In support of the conclusions above announced, we quote the following from Colebrooke on Collateral Securities, p. 136, § 104;

“The negotiable promissory note or bill of exchange executed and delivered by the pledgor, upon securing an advance, as his own personal obligation in respect thereto, is the principal evidence of the indebtedness as compared -with the collateral notes indorsed to the pledgee to secure its payment. The promise of the maker to pay a certain sum at a certain time to a certain person therein named, or order, is not affected by the deposit of promissory notes of third parties as collateral security, and the pledgee is entitled to proceed by action upon default in the payment of the principal note at maturity, to enforce the personal liability of the pledgor irrespective of the fact that he holds the notes of other persons as collateral security. The pledgor is e'ntitled to a return of such collateral paper only upon the condition of first paying the moneys advanced, or making a due tender thereof to the pledgee. The only condition precedent to the right of action of the pledgee against the pledgor upon his personal obligation is the failure of the latter to pay his note at maturity. Upon such default, the right of action immediately accrues.”

Does it not reasonably follow that the indorser could have no greater rights with respect to the collaterals than the maker who owned and pledged them? See 4 Rob. 395, Walker v. Vaudry; 5 La. Ann. 219, Christine v. Chaney.

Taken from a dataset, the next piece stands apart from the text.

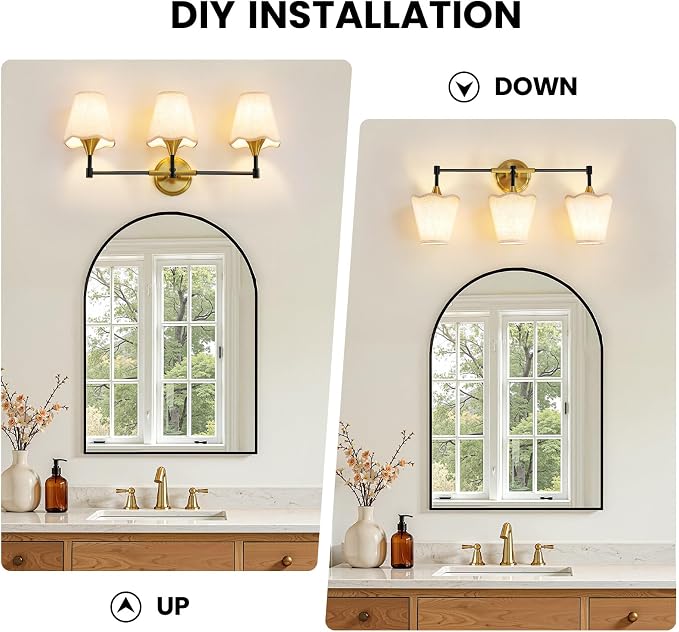 Black Gold Bathroom Vanity Light: 3 Light Vanity Lighting Fixtures with Flared Fabric Shade, Farmhouse Bathroom Lighting Fixtures over Mirror, Wall Sconce Lights for Bedroom Hallway Living Room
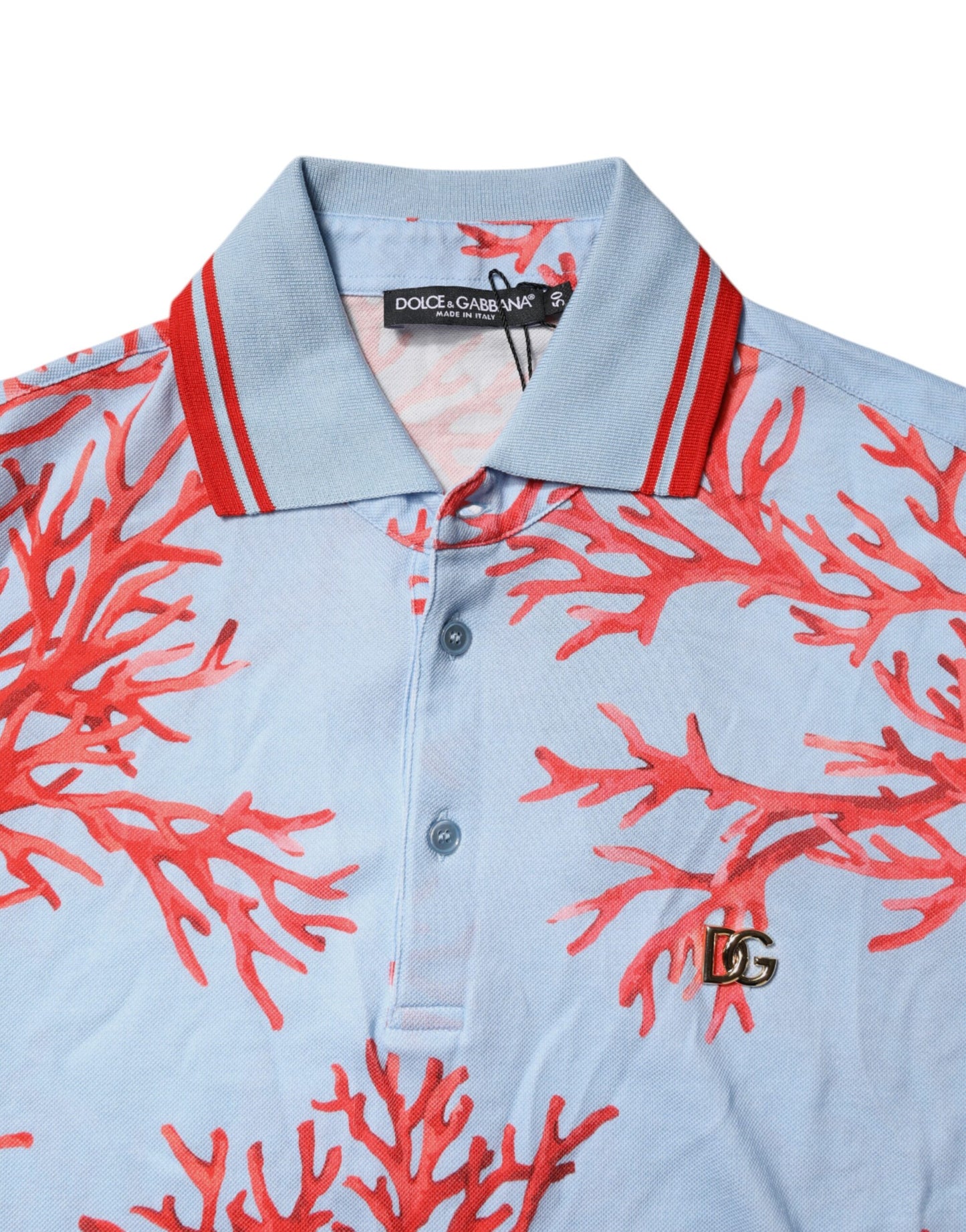 Dolce &amp; Gabbana Light Blue Coral Cotton Polo Shirt T-shirt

We, of course, express no opinion as to defendant’s rights upon the collaterals, as legal subrogee, had he paid the notes at maturity, or in event he should pay the judgment in this case.

[12] We conclude that the notes sued upon were negotiable, and the defendant Reid is liable as indorser for the full amount of the debt, without benefit of discussion or division.

It is therefore ordered, adjudged, and decreed that the judgment appealed from be, and the same is hereby, avoided, annulled, and reversed, and that plaintiff, Farmers’ & Merchants’ Bank, now have and recover judgment against the defendant Reid in solido for the full sum of '$11,080, with 8 per cent. *545per annum interest from April 10, 1917, until paid, with 10 per cent, on the amount of principal and interest as attorney’s fees, and with recognition of its lien and privilege as pledgee upon the collaterals described on the back of the notes sued upon.